§ What you need to do
In the entries below, copy only the lines from the one that contains "Landmark Beanies - Canada" through the last line, exactly, and omit any pictures.

*** Opening Data extract ***

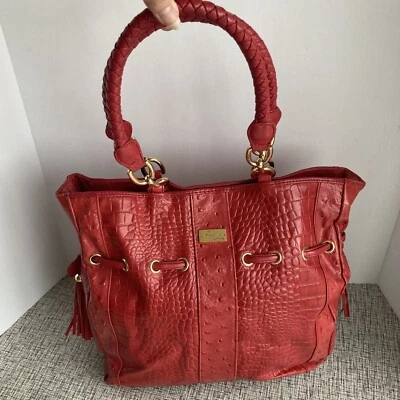 Isabella Adams Leather Crocodile Embossed Handbag Tassels Red 14"x13" Slight Use - Image 1 of 4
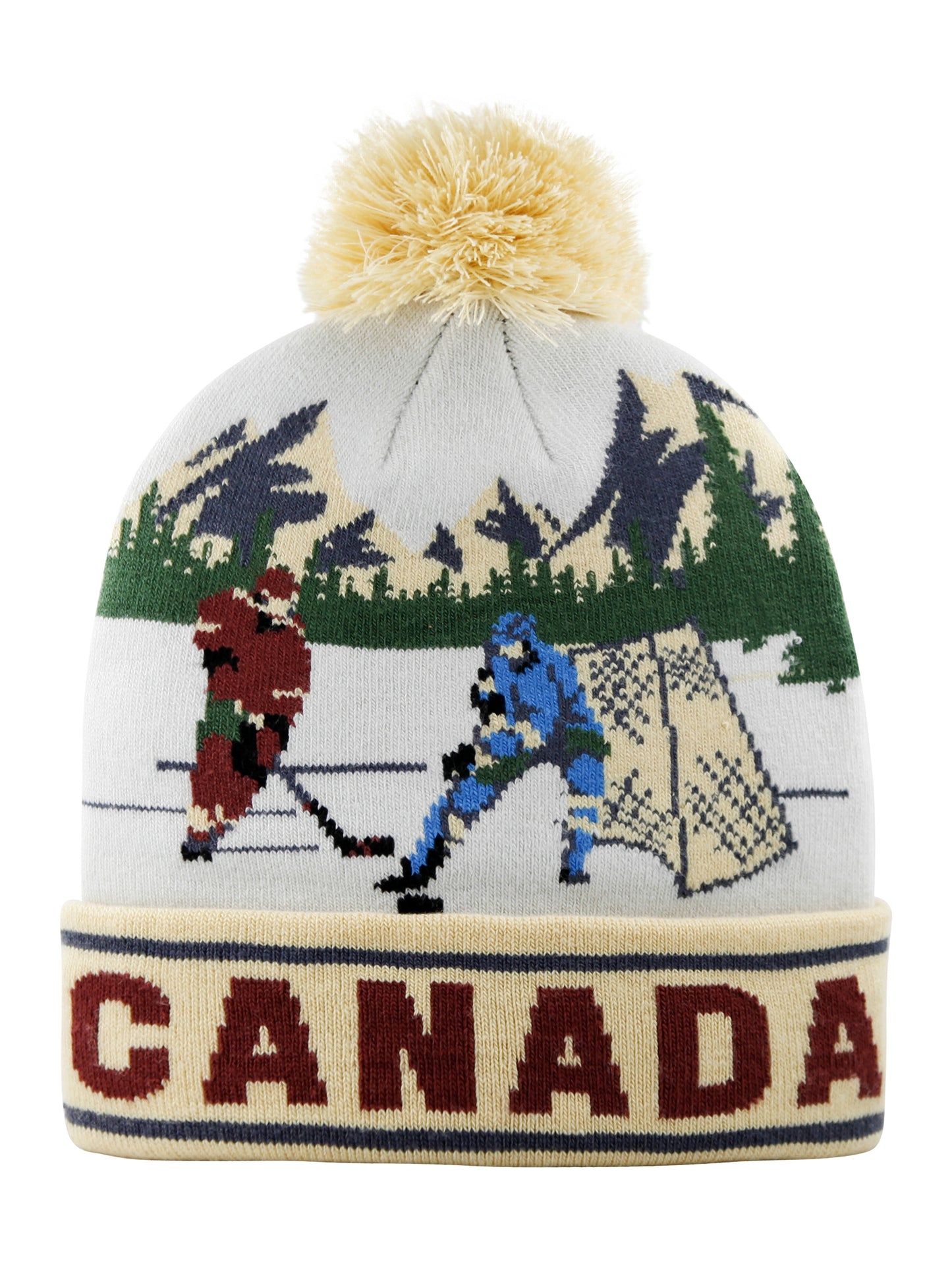 Landmark Beanies - Canada Playing Ice Hockey Outdoor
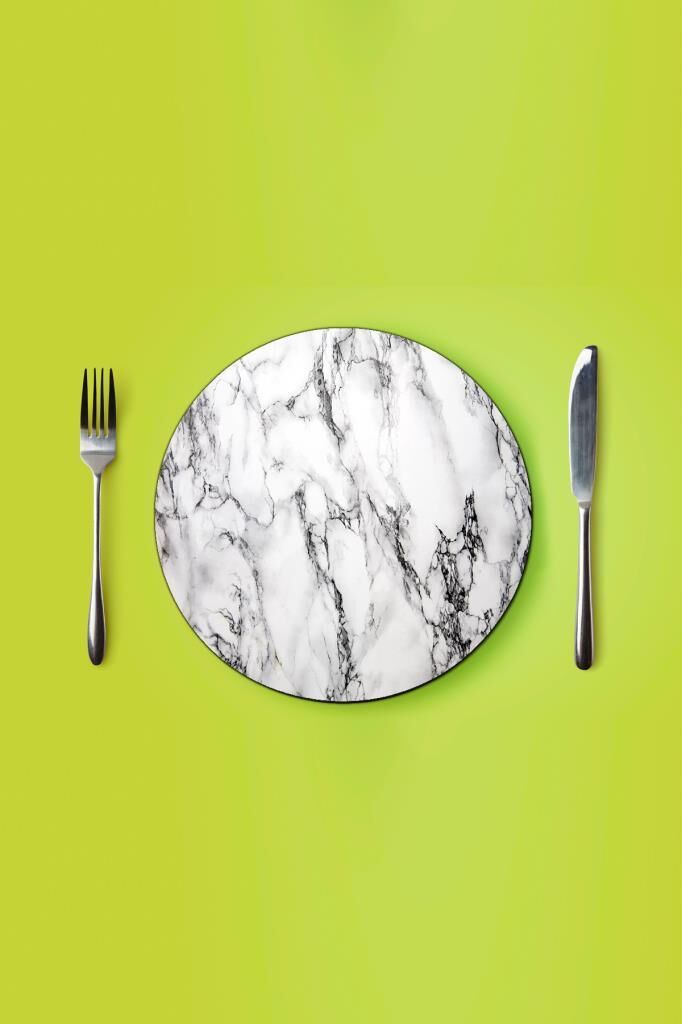 Çap 27 cm Beyaz Mermer Desenli Cam Sunumluk Amerikan Servis Supla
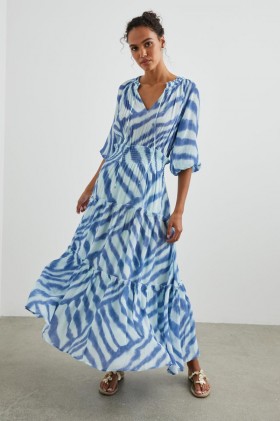 Women Caterine Dress Blue Watercolor Stripes | Rails Dresses & Rompers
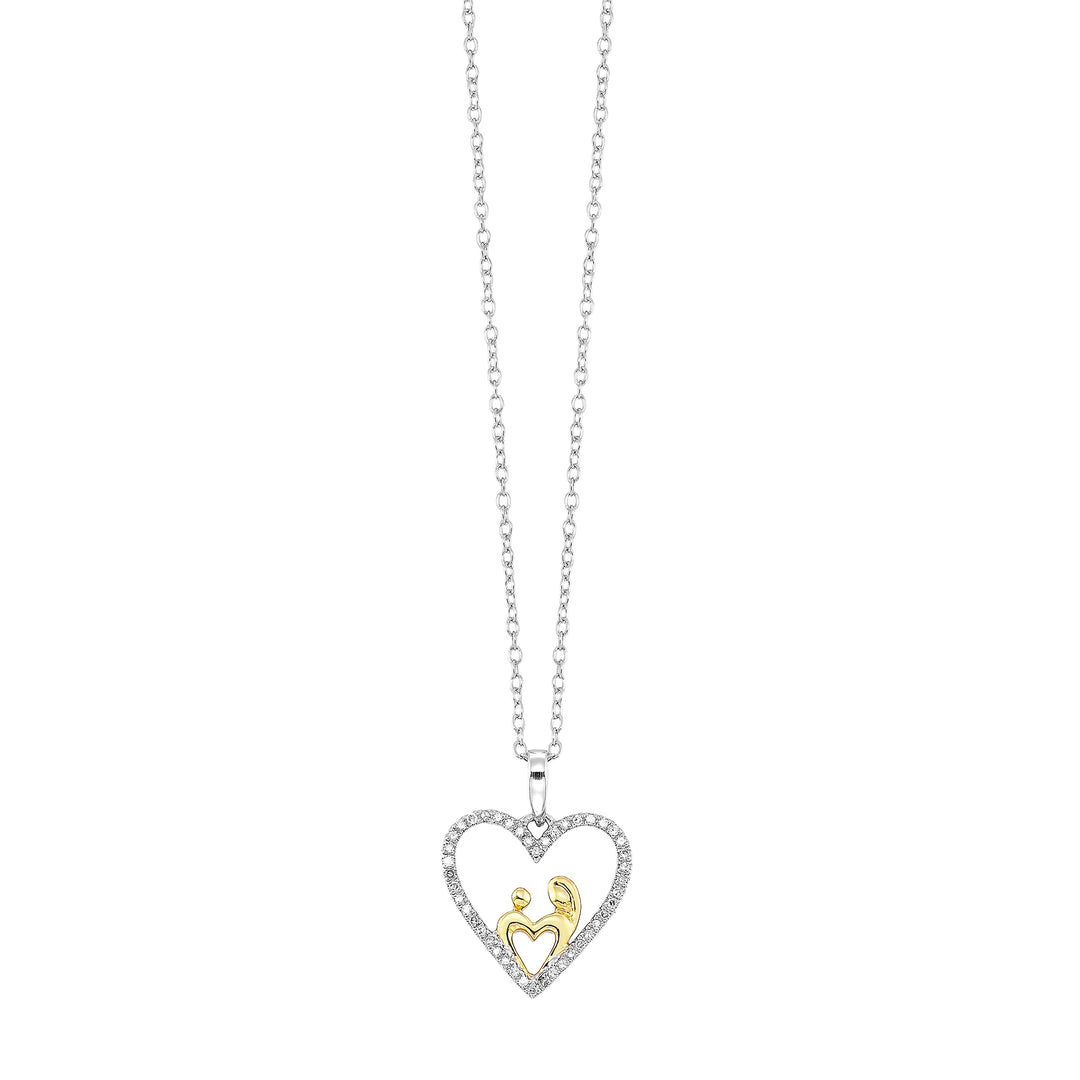 Gold Silver White Yellow Diamond 1/8Ctw Pendant
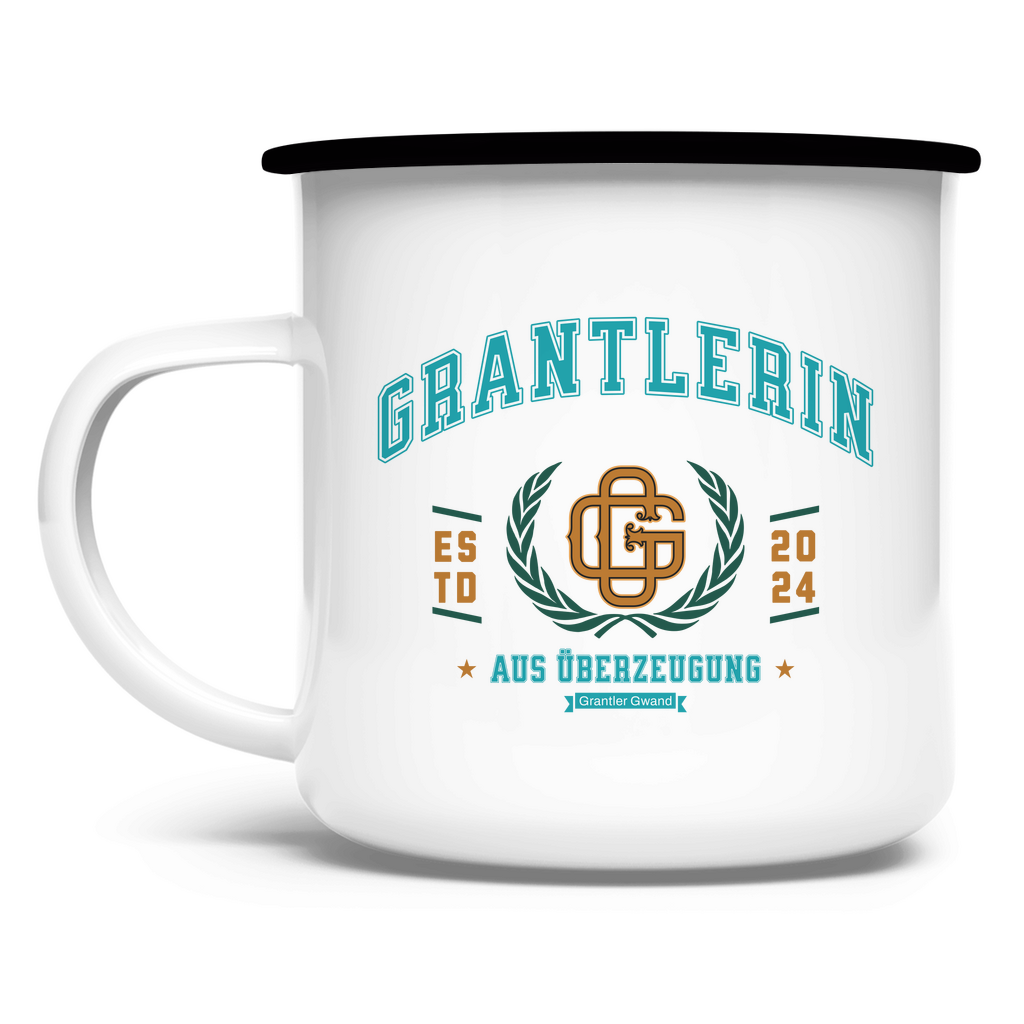 Emaille Tasse Grantlerin aus Überzeugung - mint/gold
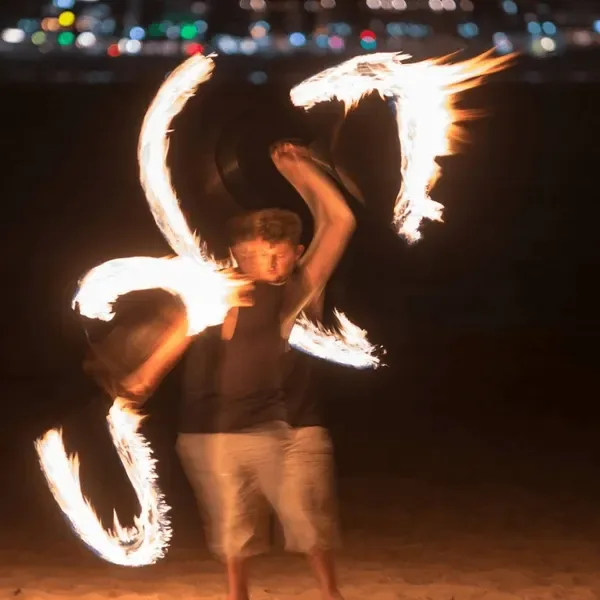Me spinning a fire staff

*** Closing Data extract ***

§ Task answer
 Landmark Beanies - Canada Playing Ice Hockey Outdoor
 Çap 27 cm Beyaz Mermer Desenli Cam Sunumluk Amerikan Servis Supla
 Women Caterine Dress Blue Watercolor Stripes | Rails Dresses & Rompers
 Gold Silver White Yellow Diamond 1/8Ctw Pendant
 Emaille Tasse Grantlerin aus Überzeugung - mint/gold
Me spinning a fire staff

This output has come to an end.